## Data section
__________________________________________________
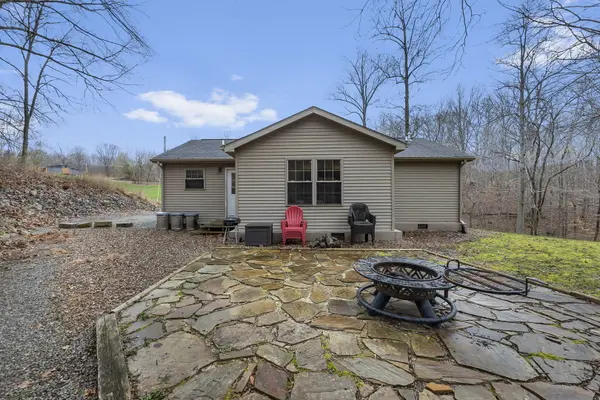 1825 Bald Knob RD, Alto Pass, IL 62905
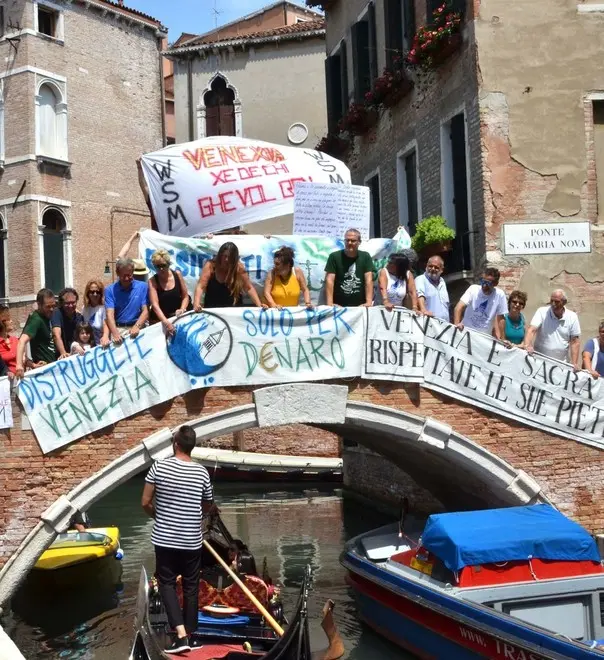 Interpress/Mazzega Venezia, 02.07.2016.- "Venezia ha un futuro", teli colorati esposti in centro storico si iniziativa del gruppo 25 Aprile, FAI e Italia nostra.- Nella foto in Campo S.Maria Nova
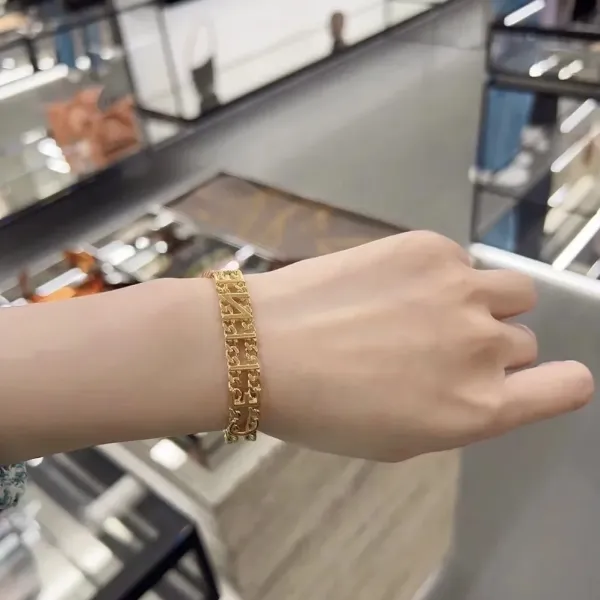 【2026】【CELINE】ブレスレット、ファッションシンプルなスタイル 【2026】【CELINE】ブレスレット、ファッションシンプルなスタイル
__________________________________________________
## Assignment
In the copy you write, the data above must appear exactly, with no pictures.

## Solution for this task
 1825 Bald Knob RD, Alto Pass, IL 62905
 Interpress/Mazzega Venezia, 02.07.2016.- "Venezia ha un futuro", teli colorati esposti in centro storico si iniziativa del gruppo 25 Aprile, FAI e Italia nostra.- Nella foto in Campo S.Maria Nova
 【2026】【CELINE】ブレスレット、ファッションシンプルなスタイル 【2026】【CELINE】ブレスレット、ファッションシンプルなスタイル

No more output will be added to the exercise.